She said she was worried about where she would be able to properly house her husband, three children and a fourth child when it arrives in July.
AT 9.20pm on Friday, sitting in their Tognolini-Baldwin Rd home, the Hicks family saw an update on the Banana Shire Council Disaster Management Information Facebook page.
"URGENT: Tognolini-Baldwin Rd residents are to self-evacuate," the message said.
Mrs Hicks is furious and says SunWater, the company that operates the dam, mismanaged the situation.
"(SunWater) should have done a slow release the day before. That cyclone warning was out for at least 48 hours prior to cyclonic conditions hitting our town," she said.
She said the whole town was angry, and said she believed the company should have learnt from the floods in 2013.

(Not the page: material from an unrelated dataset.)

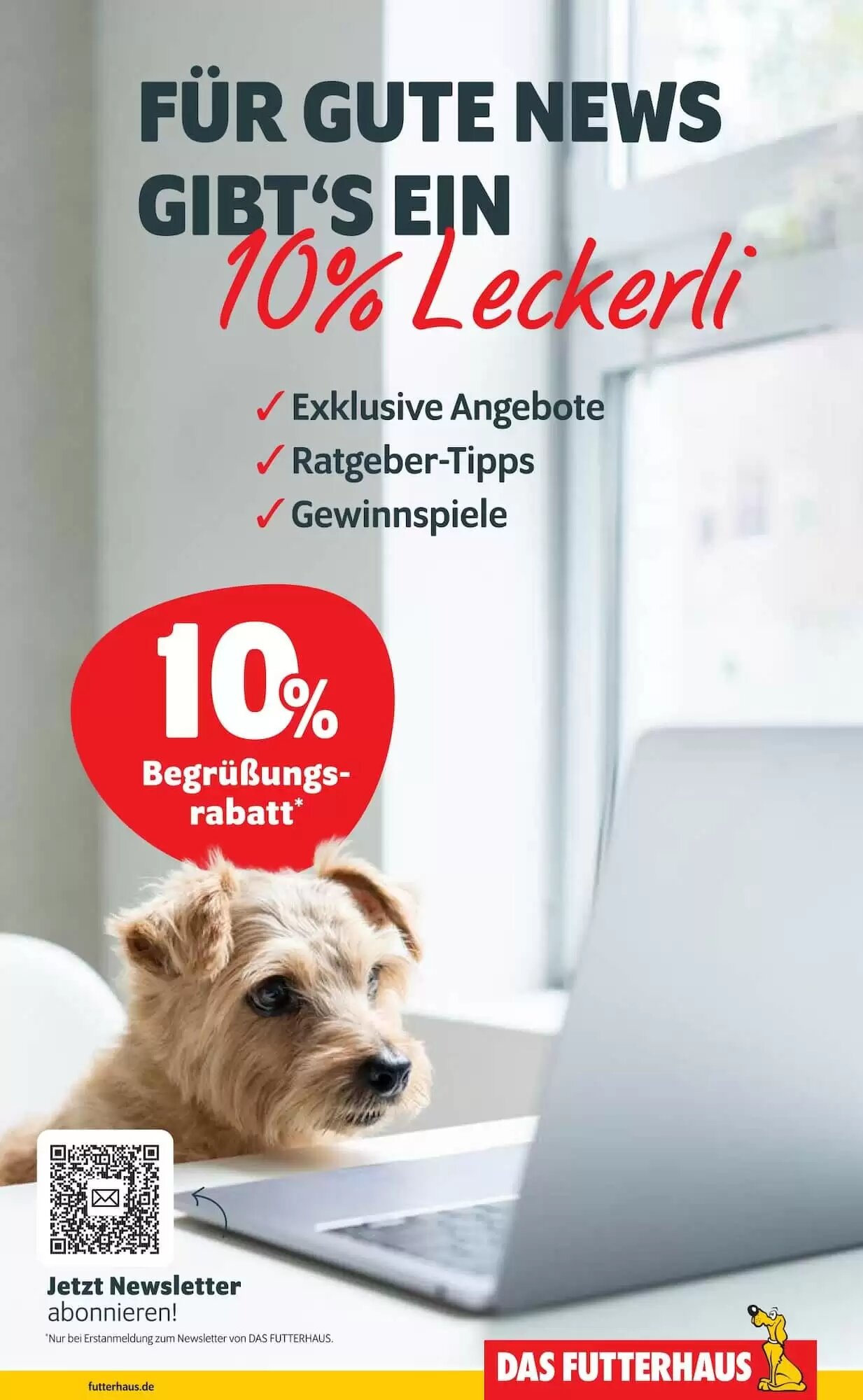 Das Futterhaus Prospekt (ab 10.10.2026) zum Blättern - Seite 17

"SunWater let this happen to our town," she said.
"I hold SunWater accountable and it's about time they took ownership."
In a media statement, SunWater confirmed they had followed the legislated emergency action plan.
"The gates released water in automatic mode as it was not possible to commence manual releases on account of the dangerous cyclonic conditions being experienced on site," the statement read.
"The rainfall event upstream of Callide Dam that occurred as part of Tropical Cyclone Marcia is unprecedented with preliminary hydrologic estimates identifying it as a one in 10,000 year event."
Biloela police Senior Sergeant Nick Paton said yesterday that many Jambin residents were still unable to return to their homes.
Power and telecommunication lines were also not working with many residents uncontactable.
Banana Shire Mayor Ron Carige said after the 2013 floods, he had been guaranteed phone services wouldn't be lost again.
"From my point of view, this is totally and utterly disgusting that this is happening again," Cr Carige said.
"The biggest issue we have at the moment is communication."
Cr Carige said a Telstra tower at Thangool had had a flat battery, which needed charging with a generator.
"This is disgusting that this is happening in this day and age," he said.